Published: Jan 11, 2017 07:07:31 AM IST
Updated: Jan 9, 2017 11:44:18 AM IST

Dramatic election upheavals are transforming the US and the UK and are likely to sweep through Continental Europe in 2017 and Mexico in 2018. The results will vary from good to bad, because there are big differences among the systems of government, the leaders and their ability to change course.

Adding to the risk is the fact that political change is coming at a time of financial weakness for many governments. Private sectors have held back on investment and new business formation because of bad macro policies. As a result, productivity is weak, and prospects for growth in small businesses and tax receipts have been severely diminished. Rather than change, governments have tended to borrow and spend without much to show for it other than very high national debt.

The UK is a parliamentary system in which the majority party can make fast changes.

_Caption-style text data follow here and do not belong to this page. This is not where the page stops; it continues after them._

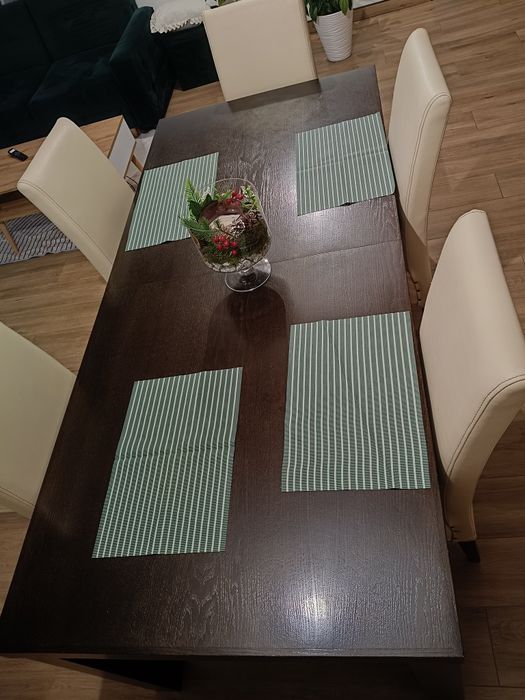 Sprzedam stół z krzesłami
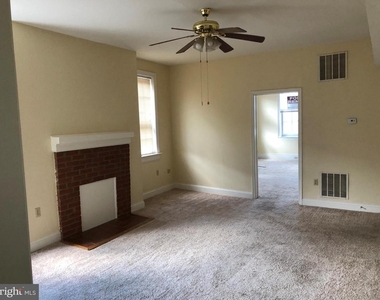 104 Loudoun Street S - Photo Thumbnail 7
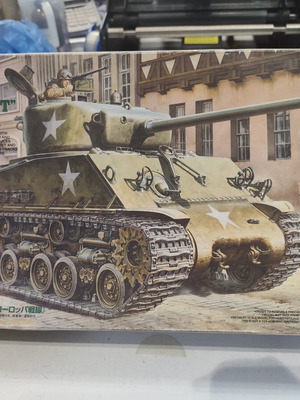 Sherman M4A3 Tank Model Kit 1/35 Scale by Tamiya new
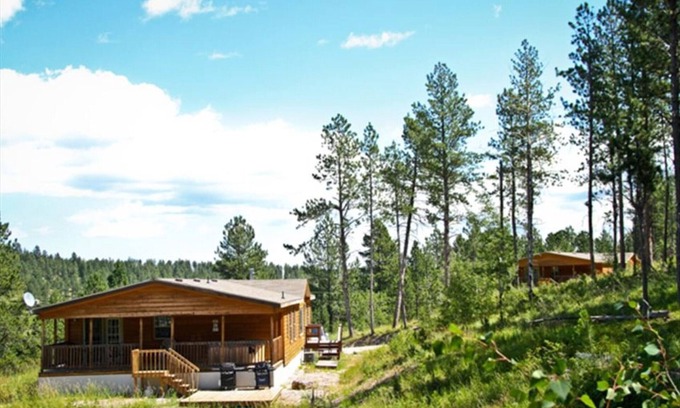 Custer Cabin | Inviting Aspen Cabin with Private Hot Tub & Pool Access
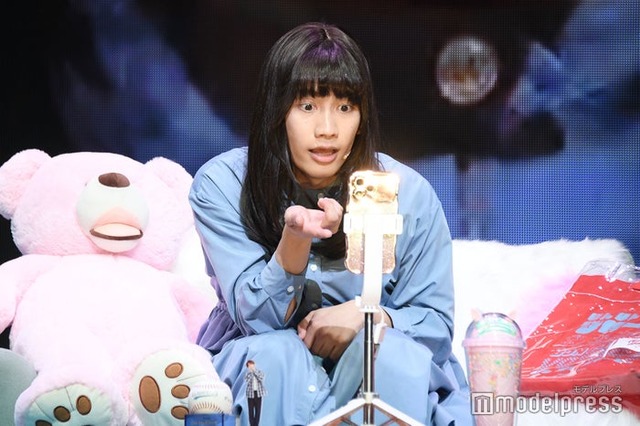 「スクショタイム早くない？」と指摘する丈子（藤原丈一郎）（C）モデルプレス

The Conservatives kept their majority in Parliament, but their new leaders will focus on immigration and exiting from the EU, while following through with most of the planned corporate tax cut that’s critical to growth.

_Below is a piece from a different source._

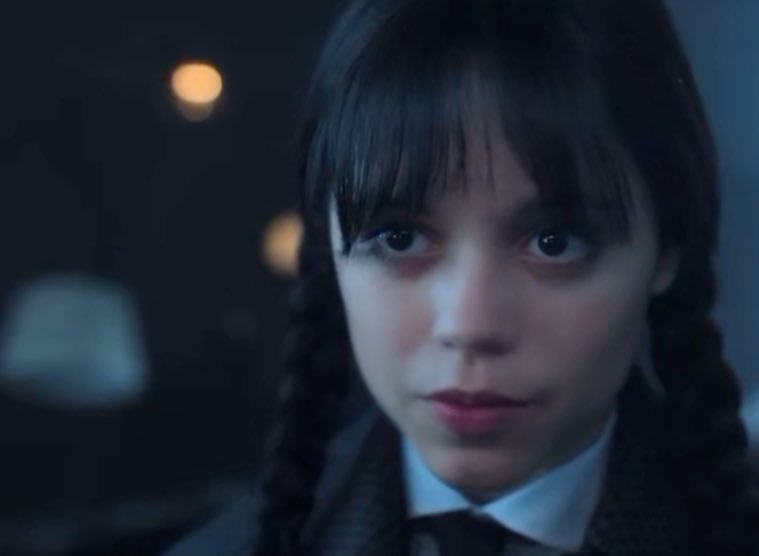 Wednesday tried so hard not to be like her mother, she ended up being a carbon copy of her father falling FIRST and HARDER for Enid while also inheriting her uncle’s taste in women 💅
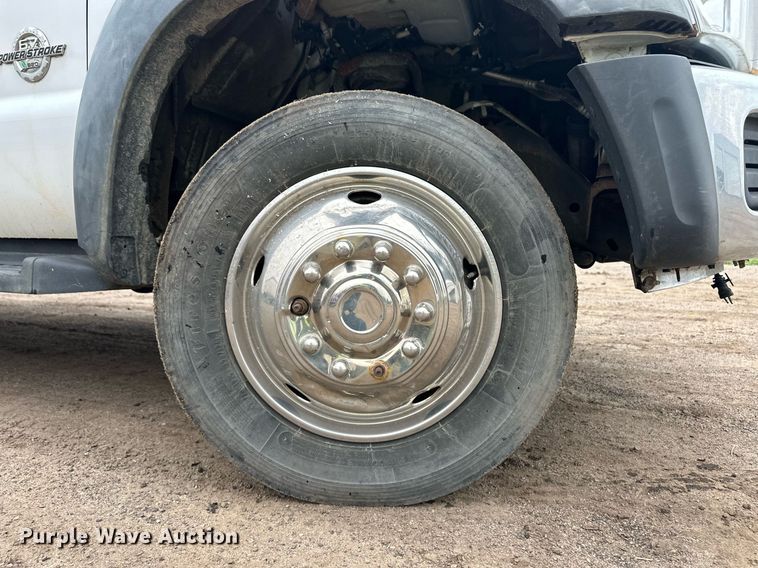 image for item EQ4712 2012 Ford F550 SuperCab utility / service truck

The US is going through a bigger political change. The people instructed the government to conduct a sweeping upheaval of the status quo, the topic of many of these columns. The urgency of change was clear in the election results. Mr Trump identified deep grievances against the party in power—for poor results in terms of prosperity, the inner cities, security and freedom—and also nailed big government for the rigged system. It permeates the US with special interests and cronyism, especially in the blue states and in Washington.

Many of the President-elect’s proposed policy improvements are likely to be fulfilled quickly. Some will take more time than they would in the UK because the House and Senate play important constitutional roles. Aiding policy change, they face mid-term elections in 2018 that encourage progress in working with the new Administration.

Continental Europe’s coming elections may also be profound in policy terms, with the extra wild card of multiple countries using the same currency, the euro. The results of Italy’s recent vote may give rise to a movement to exit the euro. If that happens, Italy’s already weak financial condition would likely worsen. At its core, the election is about years of weak government, a stagnant economy and the surrender of sovereignty to globalism, all issues that were part of the US and UK elections.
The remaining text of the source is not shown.